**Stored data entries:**
□ □ □ □ □ □ □
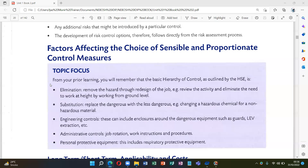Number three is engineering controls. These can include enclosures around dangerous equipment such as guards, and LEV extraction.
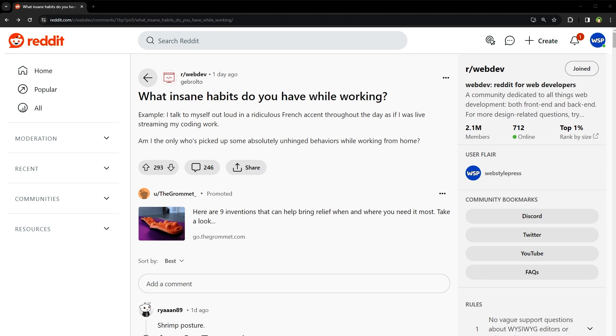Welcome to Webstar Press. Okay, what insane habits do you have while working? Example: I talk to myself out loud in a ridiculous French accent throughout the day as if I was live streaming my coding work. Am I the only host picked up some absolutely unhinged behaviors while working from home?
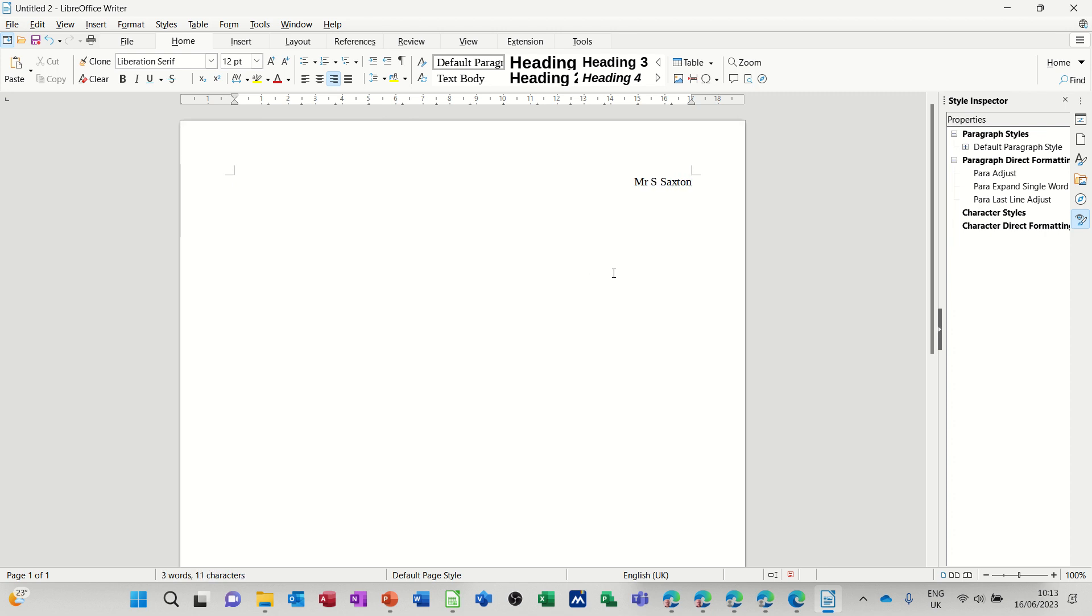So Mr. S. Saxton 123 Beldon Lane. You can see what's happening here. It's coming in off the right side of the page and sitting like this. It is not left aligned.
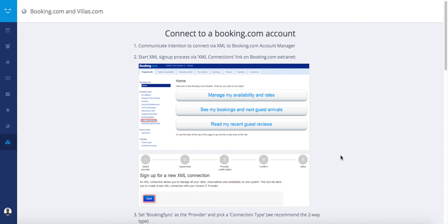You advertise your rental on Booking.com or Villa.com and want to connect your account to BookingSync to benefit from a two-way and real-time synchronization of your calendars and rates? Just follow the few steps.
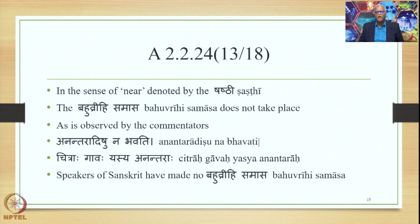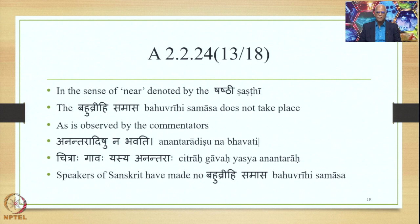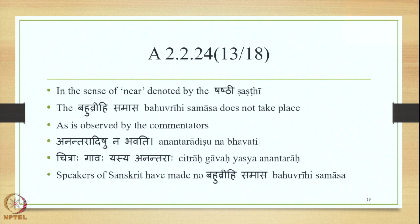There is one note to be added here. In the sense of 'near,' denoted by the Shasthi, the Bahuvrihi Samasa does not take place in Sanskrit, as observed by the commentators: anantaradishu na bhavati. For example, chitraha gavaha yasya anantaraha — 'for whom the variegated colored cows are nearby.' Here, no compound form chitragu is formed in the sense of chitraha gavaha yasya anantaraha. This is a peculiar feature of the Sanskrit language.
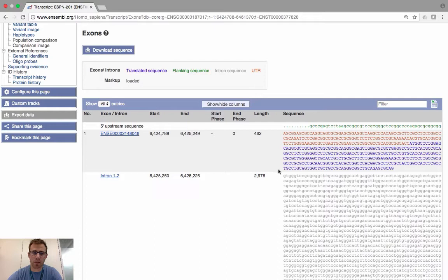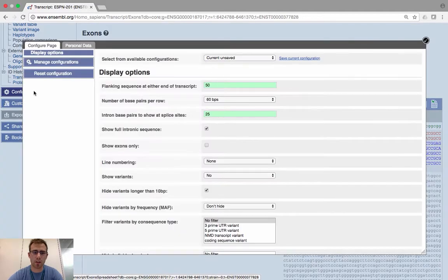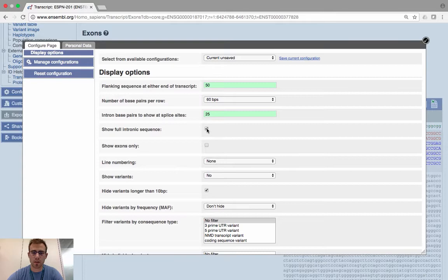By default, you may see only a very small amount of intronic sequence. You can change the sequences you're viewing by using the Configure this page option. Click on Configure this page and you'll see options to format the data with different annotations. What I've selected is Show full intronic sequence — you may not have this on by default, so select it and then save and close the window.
□ □ □ □ □ □ □
**TRY IT:** Restate word for word the lines of the data above that begin at the line with "You advertise your" and end at the line with "There is one", keeping both ends and dropping every picture.

**RESULT OF THE EXERCISE:**
You advertise your rental on Booking.com or Villa.com and want to connect your account to BookingSync to benefit from a two-way and real-time synchronization of your calendars and rates? Just follow the few steps.
There is one note to be added here. In the sense of 'near,' denoted by the Shasthi, the Bahuvrihi Samasa does not take place in Sanskrit, as observed by the commentators: anantaradishu na bhavati. For example, chitraha gavaha yasya anantaraha — 'for whom the variegated colored cows are nearby.' Here, no compound form chitragu is formed in the sense of chitraha gavaha yasya anantaraha. This is a peculiar feature of the Sanskrit language.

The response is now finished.